Cloud Computing/Cloud Management

  • Juan Manuel Rey has launched a series of blog posts on deploying OpenStack with KVM and VMware NSX. He has three parts published so far; all good stuff. See part 1, part 2, and part 3.
  • Kyle Mestery brought to my attention (via Twitter) this list of the “best newly-available OpenStack guides and how-to’s”. It was good to see a couple of Cody Bunch’s articles on the list; Cody’s been producing some really useful OpenStack content recently.
  • I haven’t had the opportunity to use SaltStack yet, but I’m hearing good things about it. It’s always helpful (to me, at least) to be able to look at products in the context of solving a real-world problem, which is why seeing this post with details on using SaltStack to automate OpenStack deployment was helpful.
  • Here’s a heads-up on a potential issue with the vCAC 6.0.1.1 upgrade—the upgrade apparently changes some configuration files. The linked blog post provides more details on which files get changed. If you’re looking at doing this upgrade, read this to make sure you aren’t adversely affected.
  • Here’s a post with some additional information on OpenStack live migration that you might find useful.

Operating Systems/Applications

  • RHEL7, Docker, and Puppet together? Here’s a post on just such a use case (oh, I forgot to mention OpenStack’s involved, too).
  • Have you ever walked through a spider web because you didn’t see it ahead of time? (Not very fun.) Sometimes I feel that way with certain technologies or projects—like there are connections there with other technologies, projects, trends, etc., that aren’t quite “visible” just yet. That’s where I am right now with the recent hype around containers and how they are going to replace VMs. I’m not so sure I agree with that just yet…but I have more noodling to do on the topic.

Storage

  • “Server SAN” seems to be the name that is emerging to describe various technologies and architectures that create pools of storage from direct-attached storage (DAS). This would include products like VMware VSAN as well as projects like Ceph and others. Stu Miniman has a nice write-up on Server SAN over at Wikibon; if you’re not familiar with some of the architectures involved, that might be a good place to start. Also at Wikibon, David Floyer has a write-up on the rise of Server SAN that goes into a bit more detail on business and technology drivers, friction to adoption, and some recommendations.
  • Red Hat recently announced they were acquiring Inktank, the company behind the open source scale-out Ceph project. Jon Benedict, aka “Captain KVM,” weighs in with his thoughts on the matter. Of course, there’s no shortage of thoughts on the acquisition—a quick web search will prove that—but I find it interesting that none of the “big names” in storage social media had anything to say (not that I could find, anyway). Howard? Stephen? Chris? Martin?
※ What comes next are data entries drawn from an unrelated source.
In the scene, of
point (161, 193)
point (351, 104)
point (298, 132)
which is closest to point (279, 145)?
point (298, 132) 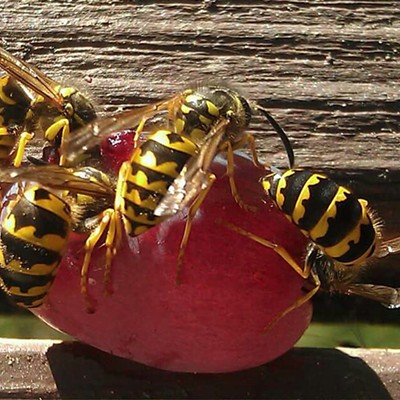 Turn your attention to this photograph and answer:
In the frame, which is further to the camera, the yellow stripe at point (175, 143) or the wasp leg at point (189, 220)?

Bueller?

Virtualization

  • Doug Youd pulled together a nice summary of some of the issues and facts around routed vMotion (vMotion across layer 3 boundaries, such as across a Clos fabric/leaf-spine topology). It’s definitely worth a read (and not just because I get mentioned in the article, either—although that doesn’t hurt).
  • I’ve talked before—although it’s been a while—about Hyper-V’s choice to rely on host-level NIC teaming in order to provide network link redundancy to virtual machines. Ben Armstrong talks about another option, guest-level NIC teaming, in this post. I’m not so sure that using guest-level teaming is any better than relying on host-level NIC teaming; what’s really needed is a more full-featured virtual networking layer.
  • Want to run nested ESXi on vCHS? Well, it’s not supported…but William Lam shows you how anyway. Gotta love it!
  • Brian Graf shows you how to remove IP pools using PowerCLI.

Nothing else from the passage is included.